A trajetória artística de Tiago Sant’Ana está intimamente atravessada pela questão das representações e narrativas da negritude. Desse modo, o artista traça em “Casa de purgar” uma conexão entre a pesquisa cartográfica desses lugares históricos coloniais com a sua poética recorrente - cruzando e pondo em tangência como esses antigos engenhos carregam memórias que explicitam a condição da negritude na contemporaneidade.
“A casa de purgar era o lugar onde o açúcar passava pelo processo de refino e branqueamento.

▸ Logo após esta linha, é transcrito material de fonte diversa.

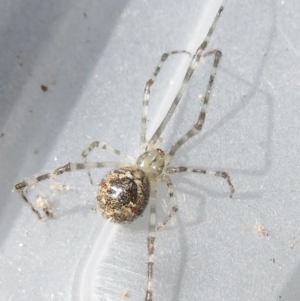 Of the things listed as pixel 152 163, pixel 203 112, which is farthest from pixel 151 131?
pixel 203 112

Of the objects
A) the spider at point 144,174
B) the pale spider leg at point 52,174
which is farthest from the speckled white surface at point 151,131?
the pale spider leg at point 52,174

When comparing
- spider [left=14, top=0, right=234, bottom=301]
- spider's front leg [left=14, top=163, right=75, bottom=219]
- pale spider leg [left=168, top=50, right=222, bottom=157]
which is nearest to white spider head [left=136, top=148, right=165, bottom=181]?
spider [left=14, top=0, right=234, bottom=301]

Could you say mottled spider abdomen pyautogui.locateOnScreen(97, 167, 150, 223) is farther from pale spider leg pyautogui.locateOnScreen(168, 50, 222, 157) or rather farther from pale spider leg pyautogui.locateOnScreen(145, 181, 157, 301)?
pale spider leg pyautogui.locateOnScreen(168, 50, 222, 157)

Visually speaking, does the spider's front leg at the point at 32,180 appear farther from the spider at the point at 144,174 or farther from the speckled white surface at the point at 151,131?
the speckled white surface at the point at 151,131

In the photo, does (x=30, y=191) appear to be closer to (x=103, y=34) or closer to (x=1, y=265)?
(x=1, y=265)

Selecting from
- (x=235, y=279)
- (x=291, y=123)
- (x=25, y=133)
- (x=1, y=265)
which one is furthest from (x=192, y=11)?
(x=1, y=265) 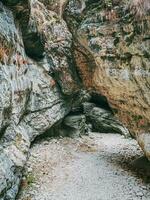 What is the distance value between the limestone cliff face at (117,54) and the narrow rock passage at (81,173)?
6.02 feet

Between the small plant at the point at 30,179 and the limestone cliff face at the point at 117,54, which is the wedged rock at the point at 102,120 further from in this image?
the small plant at the point at 30,179

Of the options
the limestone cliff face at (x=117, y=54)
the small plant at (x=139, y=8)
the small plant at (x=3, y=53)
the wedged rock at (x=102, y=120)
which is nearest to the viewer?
the small plant at (x=3, y=53)

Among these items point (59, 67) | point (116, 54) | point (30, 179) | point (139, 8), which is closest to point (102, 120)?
point (59, 67)

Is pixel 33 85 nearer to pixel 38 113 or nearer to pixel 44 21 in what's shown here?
pixel 38 113

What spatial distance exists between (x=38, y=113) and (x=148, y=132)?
19.3 ft

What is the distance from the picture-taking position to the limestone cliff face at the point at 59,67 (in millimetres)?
12961

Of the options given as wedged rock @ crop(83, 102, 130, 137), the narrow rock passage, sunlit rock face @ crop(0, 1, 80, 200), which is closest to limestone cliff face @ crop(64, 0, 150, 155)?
sunlit rock face @ crop(0, 1, 80, 200)

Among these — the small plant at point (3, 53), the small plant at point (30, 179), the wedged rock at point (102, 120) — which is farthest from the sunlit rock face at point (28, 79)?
the wedged rock at point (102, 120)

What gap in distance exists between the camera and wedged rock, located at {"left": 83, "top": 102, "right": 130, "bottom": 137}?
2406 centimetres

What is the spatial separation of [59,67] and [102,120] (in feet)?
20.7

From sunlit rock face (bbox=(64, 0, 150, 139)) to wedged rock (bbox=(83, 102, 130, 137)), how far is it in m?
6.01

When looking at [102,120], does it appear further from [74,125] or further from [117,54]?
[117,54]

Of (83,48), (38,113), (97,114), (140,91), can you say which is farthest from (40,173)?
A: (97,114)

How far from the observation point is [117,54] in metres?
16.5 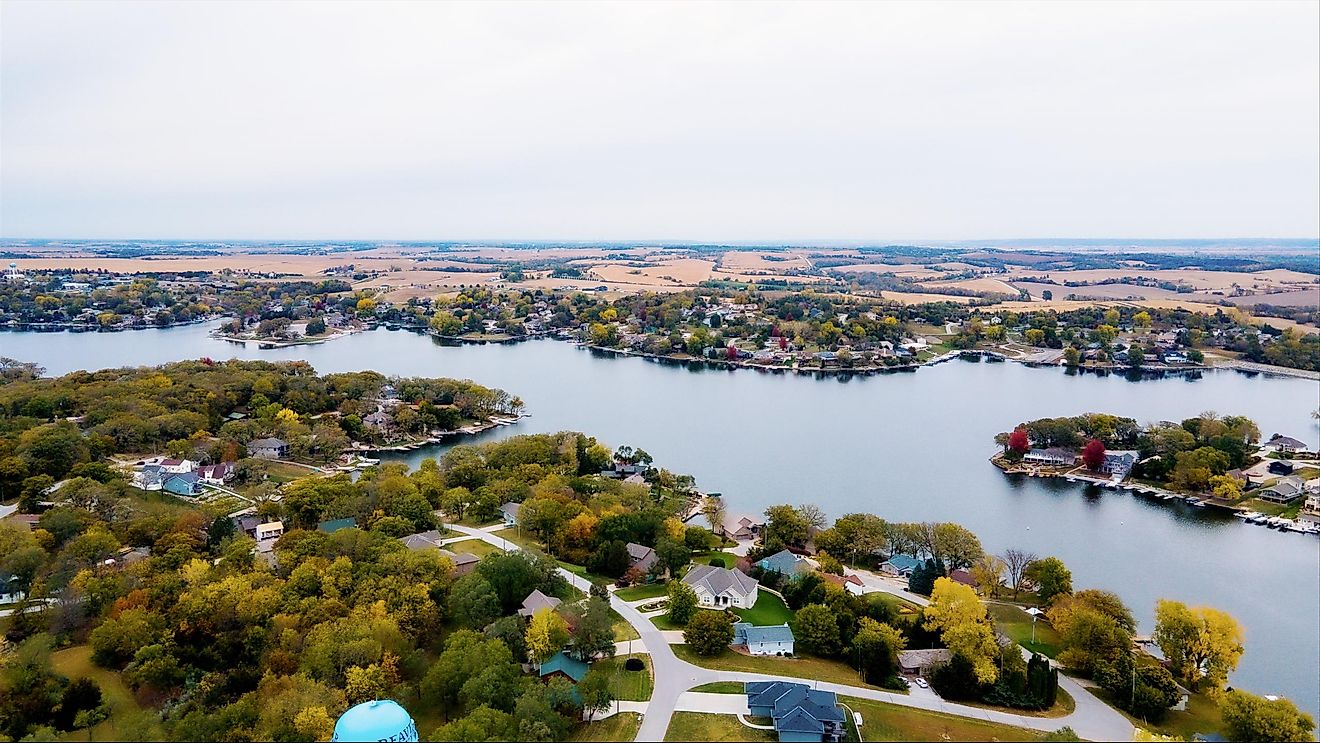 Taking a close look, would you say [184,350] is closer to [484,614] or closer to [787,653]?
[484,614]

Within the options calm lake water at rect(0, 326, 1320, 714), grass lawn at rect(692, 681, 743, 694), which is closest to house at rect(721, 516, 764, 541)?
calm lake water at rect(0, 326, 1320, 714)

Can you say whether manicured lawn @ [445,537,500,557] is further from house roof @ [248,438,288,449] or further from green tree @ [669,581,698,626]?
house roof @ [248,438,288,449]

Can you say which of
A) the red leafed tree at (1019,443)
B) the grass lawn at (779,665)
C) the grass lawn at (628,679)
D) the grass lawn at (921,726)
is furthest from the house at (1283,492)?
the grass lawn at (628,679)

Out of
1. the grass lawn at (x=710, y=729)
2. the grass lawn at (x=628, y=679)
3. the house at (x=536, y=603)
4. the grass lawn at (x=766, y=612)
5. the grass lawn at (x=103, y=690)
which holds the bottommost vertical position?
the grass lawn at (x=766, y=612)

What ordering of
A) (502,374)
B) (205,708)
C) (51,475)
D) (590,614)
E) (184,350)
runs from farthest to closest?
(184,350), (502,374), (51,475), (590,614), (205,708)

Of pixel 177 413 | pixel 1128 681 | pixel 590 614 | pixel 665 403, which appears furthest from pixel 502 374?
pixel 1128 681

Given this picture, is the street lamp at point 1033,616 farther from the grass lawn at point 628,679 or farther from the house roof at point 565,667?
the house roof at point 565,667

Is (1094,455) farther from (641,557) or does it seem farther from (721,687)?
(721,687) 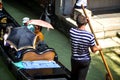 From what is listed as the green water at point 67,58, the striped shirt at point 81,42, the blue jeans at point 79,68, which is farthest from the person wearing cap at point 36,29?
the striped shirt at point 81,42

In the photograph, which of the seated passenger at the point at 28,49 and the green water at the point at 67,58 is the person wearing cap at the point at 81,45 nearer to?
the seated passenger at the point at 28,49

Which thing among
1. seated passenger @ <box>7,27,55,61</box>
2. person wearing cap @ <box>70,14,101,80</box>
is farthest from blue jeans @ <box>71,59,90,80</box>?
seated passenger @ <box>7,27,55,61</box>

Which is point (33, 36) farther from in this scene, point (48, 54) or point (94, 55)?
point (94, 55)

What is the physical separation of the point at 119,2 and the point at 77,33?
7563 millimetres

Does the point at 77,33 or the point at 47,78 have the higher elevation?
the point at 77,33

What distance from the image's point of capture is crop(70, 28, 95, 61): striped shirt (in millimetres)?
6262

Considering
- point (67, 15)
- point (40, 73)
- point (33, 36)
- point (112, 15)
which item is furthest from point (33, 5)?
point (40, 73)

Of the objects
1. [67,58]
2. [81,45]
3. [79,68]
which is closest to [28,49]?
[79,68]

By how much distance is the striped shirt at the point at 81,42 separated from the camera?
6262mm

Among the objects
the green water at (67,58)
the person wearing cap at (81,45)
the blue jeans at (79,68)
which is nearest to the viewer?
the person wearing cap at (81,45)

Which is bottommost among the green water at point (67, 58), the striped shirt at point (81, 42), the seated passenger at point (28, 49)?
the green water at point (67, 58)

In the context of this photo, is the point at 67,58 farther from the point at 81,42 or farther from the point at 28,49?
the point at 81,42

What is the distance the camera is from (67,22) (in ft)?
38.0

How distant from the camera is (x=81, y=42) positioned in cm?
632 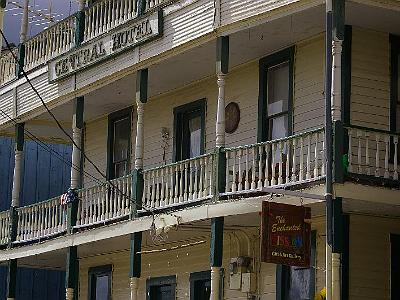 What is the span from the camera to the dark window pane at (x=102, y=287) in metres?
26.8

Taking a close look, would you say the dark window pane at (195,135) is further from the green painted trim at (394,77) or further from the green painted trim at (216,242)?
the green painted trim at (394,77)

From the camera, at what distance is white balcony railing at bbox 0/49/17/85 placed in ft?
93.0

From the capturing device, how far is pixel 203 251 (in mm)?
23016

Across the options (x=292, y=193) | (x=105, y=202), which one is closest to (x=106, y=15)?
(x=105, y=202)

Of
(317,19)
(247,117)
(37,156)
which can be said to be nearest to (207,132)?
(247,117)

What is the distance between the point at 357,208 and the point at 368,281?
1.43m

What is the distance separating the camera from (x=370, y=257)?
19.4 metres

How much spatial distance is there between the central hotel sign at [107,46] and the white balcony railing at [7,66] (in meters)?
2.73

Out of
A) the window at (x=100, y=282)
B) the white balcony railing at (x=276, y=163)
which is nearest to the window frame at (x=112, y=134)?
the window at (x=100, y=282)

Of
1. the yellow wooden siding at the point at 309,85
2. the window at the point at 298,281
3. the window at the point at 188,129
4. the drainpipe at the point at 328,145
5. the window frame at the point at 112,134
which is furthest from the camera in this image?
the window frame at the point at 112,134

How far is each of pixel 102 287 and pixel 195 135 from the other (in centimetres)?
531

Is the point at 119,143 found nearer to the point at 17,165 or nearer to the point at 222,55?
the point at 17,165

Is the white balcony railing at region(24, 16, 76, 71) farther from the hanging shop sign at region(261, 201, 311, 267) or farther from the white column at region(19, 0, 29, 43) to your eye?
the hanging shop sign at region(261, 201, 311, 267)

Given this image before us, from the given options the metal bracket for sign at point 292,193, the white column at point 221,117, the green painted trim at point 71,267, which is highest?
the white column at point 221,117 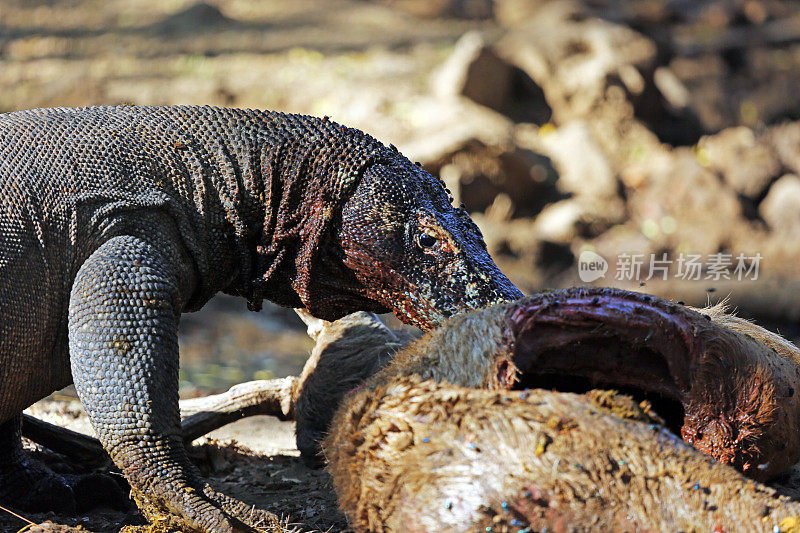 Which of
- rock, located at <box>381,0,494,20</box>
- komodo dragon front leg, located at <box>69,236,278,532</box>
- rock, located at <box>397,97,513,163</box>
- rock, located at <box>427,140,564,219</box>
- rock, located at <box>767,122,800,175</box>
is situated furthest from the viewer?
rock, located at <box>381,0,494,20</box>

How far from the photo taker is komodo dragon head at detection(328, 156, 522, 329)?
386cm

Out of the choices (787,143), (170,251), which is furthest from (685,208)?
(170,251)

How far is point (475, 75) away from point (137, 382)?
11.9m

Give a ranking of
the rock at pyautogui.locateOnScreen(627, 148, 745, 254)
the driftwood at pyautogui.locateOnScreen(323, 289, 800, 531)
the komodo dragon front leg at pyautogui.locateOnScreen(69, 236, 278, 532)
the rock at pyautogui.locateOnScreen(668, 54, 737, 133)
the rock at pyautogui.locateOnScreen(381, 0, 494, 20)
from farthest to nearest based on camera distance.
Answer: the rock at pyautogui.locateOnScreen(381, 0, 494, 20), the rock at pyautogui.locateOnScreen(668, 54, 737, 133), the rock at pyautogui.locateOnScreen(627, 148, 745, 254), the komodo dragon front leg at pyautogui.locateOnScreen(69, 236, 278, 532), the driftwood at pyautogui.locateOnScreen(323, 289, 800, 531)

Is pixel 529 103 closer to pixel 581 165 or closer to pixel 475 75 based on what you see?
pixel 475 75

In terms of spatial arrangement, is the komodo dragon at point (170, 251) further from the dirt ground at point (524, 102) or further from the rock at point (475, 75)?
the rock at point (475, 75)

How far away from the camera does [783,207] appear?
13.8 metres

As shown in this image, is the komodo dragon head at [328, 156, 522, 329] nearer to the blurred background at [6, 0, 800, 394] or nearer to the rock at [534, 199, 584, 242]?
the blurred background at [6, 0, 800, 394]

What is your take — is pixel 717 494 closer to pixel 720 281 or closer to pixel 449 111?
pixel 720 281

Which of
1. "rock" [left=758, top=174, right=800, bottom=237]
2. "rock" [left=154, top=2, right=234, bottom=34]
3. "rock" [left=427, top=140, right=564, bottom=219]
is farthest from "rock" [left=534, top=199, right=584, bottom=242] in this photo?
"rock" [left=154, top=2, right=234, bottom=34]

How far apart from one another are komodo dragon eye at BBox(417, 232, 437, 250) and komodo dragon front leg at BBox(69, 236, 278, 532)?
3.64 feet

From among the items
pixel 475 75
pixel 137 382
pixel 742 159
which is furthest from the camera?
pixel 742 159

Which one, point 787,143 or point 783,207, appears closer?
point 783,207

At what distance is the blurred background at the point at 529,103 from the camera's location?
12.7 metres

É onde se separa um açúcar puro de outros julgados como de menos qualidade. Então, essa imagem da casa de purgar serve como um dado para a exposição já que envolve relação de trabalho, separação e estratificação”, ressalta o curador da exposição Ayrson Heráclito, também artista visual e professor da Universidade Federal do Recôncavo da Bahia. “Além disso, purgar, enquanto verbo e ação, significa purificar, limpar. Para a exposição, há um exercício de tornar límpidas essas memórias coloniais, agora sob uma perspectiva negra, identificando o quanto havia um processo perverso nas dinâmicas dos engenhos e ressaltar a continuidade disso”.
A exposição tenta materializar por meio das performances ações recorrentes nesses espaços no passado, mas que voltam numa condição de fantasmas e aparições efêmeras a partir de um desejo de revisitação da história.
“Casa de purgar” já foi realizada neste ano no Museu de Arte da Bahia e é a primeira exposição individual do artista que neste ano foi indicado ao Prêmio PIPA, uma das principais premiações de artes visuais do Brasil. Tiago Sant’Ana é o único artista que vive e trabalha na Bahia indicado ao PIPA.
A exposição de Tiago Sant’Ana fica aberta ao público no Paço Imperial até o dia 5 de agosto. A entrada é gratuita e a classificação indicativa é livre. O museu funciona de terça a domingo das 12 às 19 horas.
Tiago Sant’Ana é artista da performance, doutorando em Cultura e Sociedade pela Universidade Federal da Bahia. Desenvolve pesquisas em performance e seus possíveis desdobramentos desde 2009. Seus trabalhos como artista imergem nas tensões e representações das identidades afro-brasileiras – tendo influência das perspectivas decoloniais. Realizou recentemente a exposição solo “Casa de purgar” (2018), no Museu de Arte da Bahia. Participou de festivais e exposições nacionais e internacionais como “Axé Bahia: The power of art in an afro-brazilian metropolis” (2017-2018), no Fowler Museum at UCLA, "Negros Indícios" (2017), na Caixa Cultural São Paulo, “Reply All” (2016), na Grosvenor Gallery, e “Orixás” (2016), na Casa França-Brasil.